Problem 2196 Create Binary Tree From Descriptions
Table of Contents
Problem Statement
Link - Problem 2196
Question
You are given a 2D integer array descriptions where descriptions[i] = [parenti, childi, isLefti] indicates that parenti is the parent of childi in a binary tree of unique values. Furthermore,
If isLefti == 1, then childi is the left child of parenti.
If isLefti == 0, then childi is the right child of parenti.
Construct the binary tree described by descriptions and return its root.
The test cases will be generated such that the binary tree is valid.
Example 1
graph TD
A((50)) --> B((20))
A --> C((80))
B --> D((15))
B --> E((17))
C --> F((19))
Input: descriptions = [[20,15,1],[20,17,0],[50,20,1],[50,80,0],[80,19,1]]
Output: [50,20,80,15,17,19]
Explanation: The root node is the node with value 50 since it has no parent.
The resulting binary tree is shown in the diagram.
Example 2
graph TD
A((1)) --> B((2))
B((2)) --> C((3))
C((3)) --> D((4))
Input: descriptions = [[1,2,1],[2,3,0],[3,4,1]]
Output: [1,2,null,null,3,4]
Explanation: The root node is the node with value 1 since it has no parent.
The resulting binary tree is shown in the diagram.
Constraints
- `1 <= descriptions.length <= 10^4`
- `descriptions[i].length == 3`
- `1 <= parenti, childi <= 10^5`
- ` 0 <= isLefti <= 1`
- The binary tree described by `descriptions` is valid.
Solution
/**
* Definition for a binary tree node.
* struct TreeNode {
* int val;
* TreeNode *left;
* TreeNode *right;
* TreeNode() : val(0), left(nullptr), right(nullptr) {}
* TreeNode(int x) : val(x), left(nullptr), right(nullptr) {}
* TreeNode(int x, TreeNode *left, TreeNode *right) : val(x), left(left), right(right) {}
* };
*/
class Solution {
public:
TreeNode* createBinaryTree(vector<vector<int>>& descriptions) {
std::ios::sync_with_stdio(false);
cin.tie(nullptr);
cout.tie(nullptr);
unordered_map<int,TreeNode*> mp;
unordered_set<int>isChild;
for(auto &it:descriptions){
if(mp.find(it[0]) == mp.end()){
mp[it[0]] = new TreeNode(it[0]);
}
if(mp.find(it[1])==mp.end()){
mp[it[1]] = new TreeNode(it[1]);
}
if(it[2]){
mp[it[0]]->left = mp[it[1]];
}
else{
mp[it[0]]->right = mp[it[1]];
}
isChild.insert(it[1]);
}
TreeNode* root = nullptr;
for(auto &it : descriptions){
if(isChild.find(it[0]) == isChild.end()){
root = mp[it[0]];
return root;
}
}
return root;
}
};
Complexity Analysis
Time Complexity: O(N)Space Complexity: O(N)
Explanation
1. Intuition
- Root node will be the node which has no parent.
- So we need to maintain a set of nodes which are child nodes.
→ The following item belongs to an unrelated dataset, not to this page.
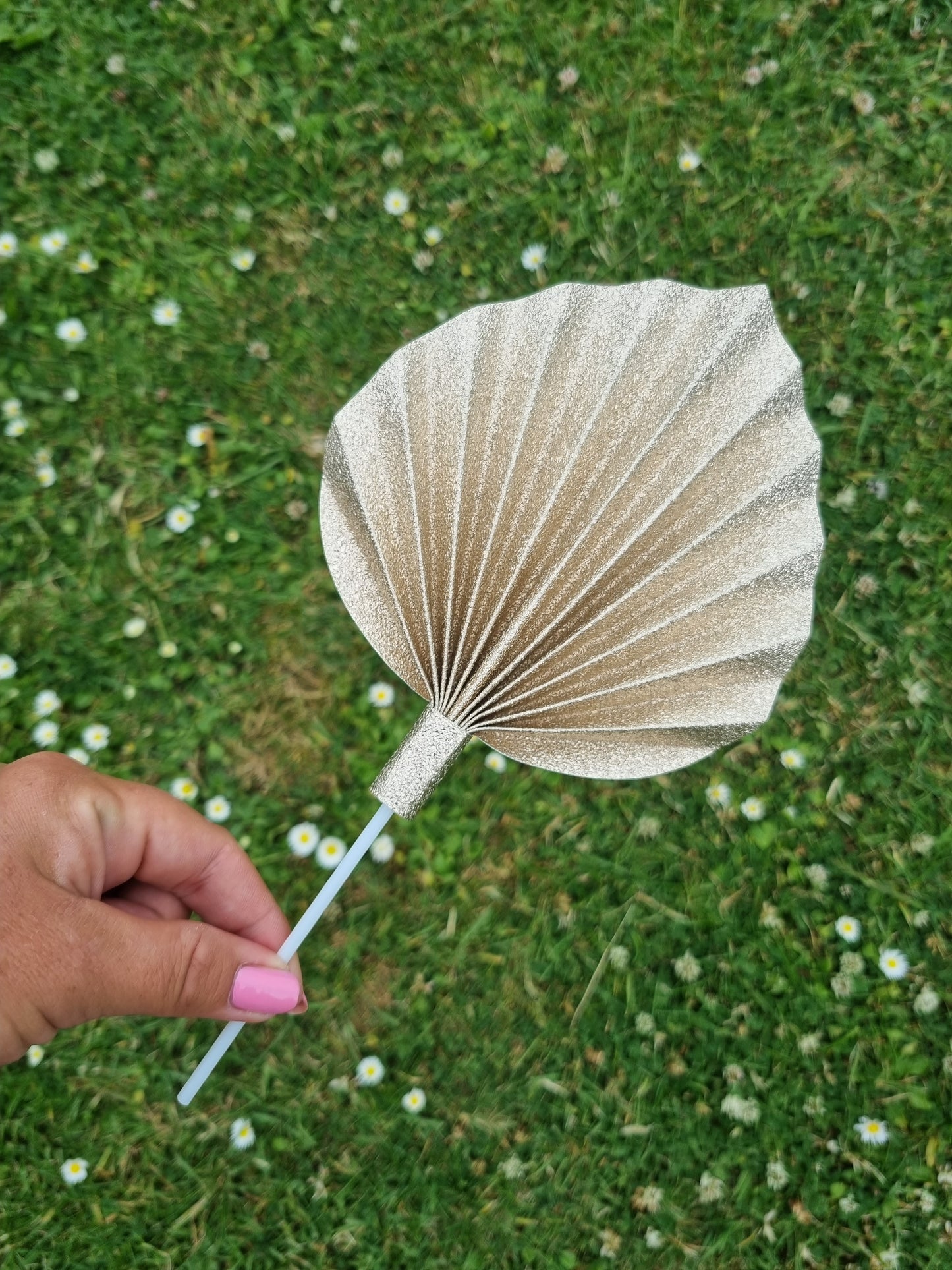 Small palm spear (Handmade to order)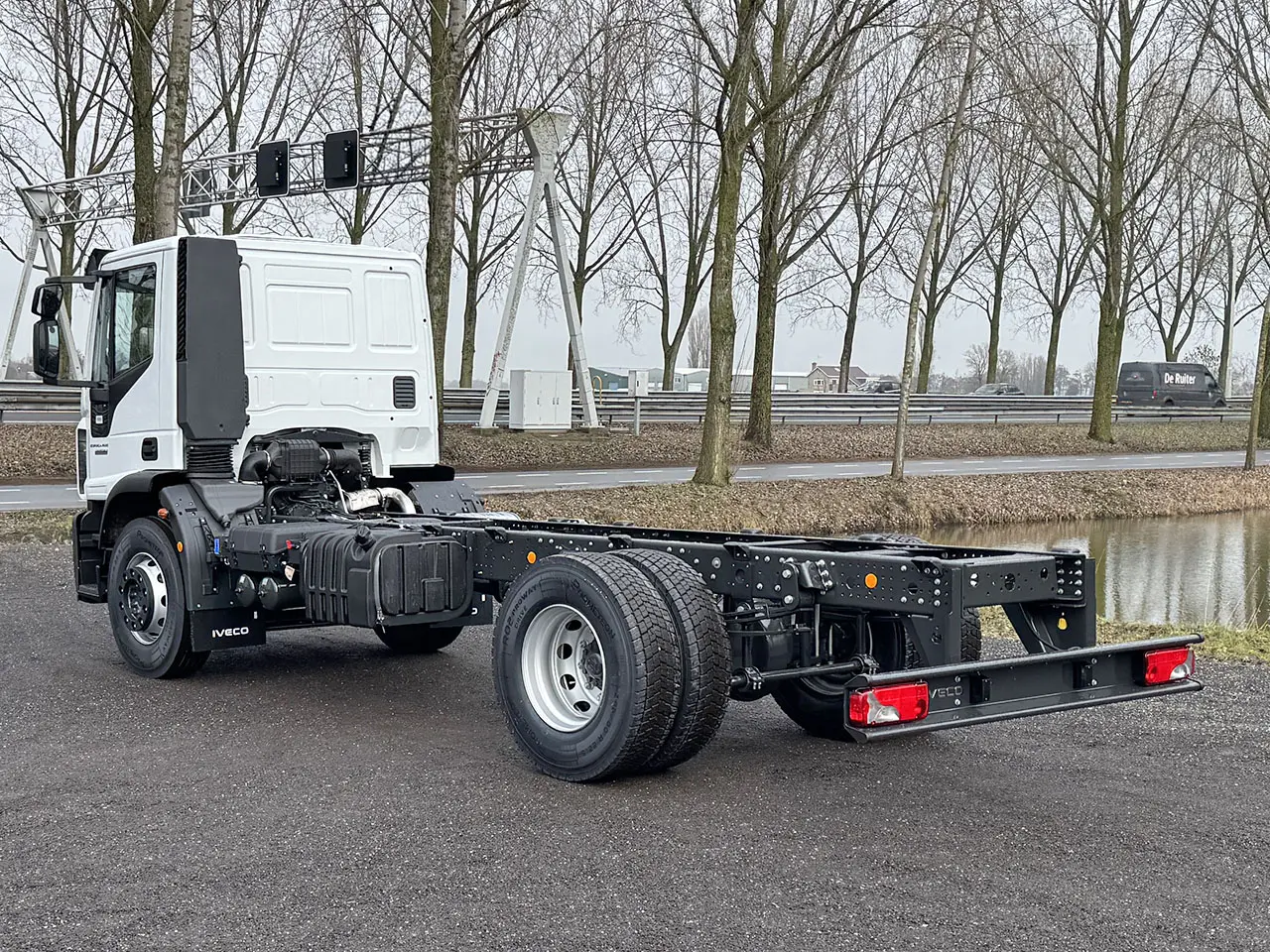 Iveco Eurocargo ML180E28 4x2 Chassis Cabin 6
- First create a map of all nodes and form the tree.
- To find the root node, iterate over the set of nodes and find the node which is not a child node.
2. Implementation
- Initialize a map `mp` to store the nodes.
- Initialize a set `isChild` to store the child nodes.
- Traverse the `descriptions` array.
- If the parent node is not present in the map, then create a new node and add it to the map.
- If the child node is not present in the map, then create a new node and add it to the map.
- If the child node is a left child, then add the child node to the left of the parent node.
- If the child node is a right child, then add the child node to the right of the parent node.
- Add the child node to the set of child nodes.
- Finally, iterate over the `descriptions` array.
- Find the node which is not a child node.
- Return the root node.
The key idea is to find the node which is not a child node and return it as the root node.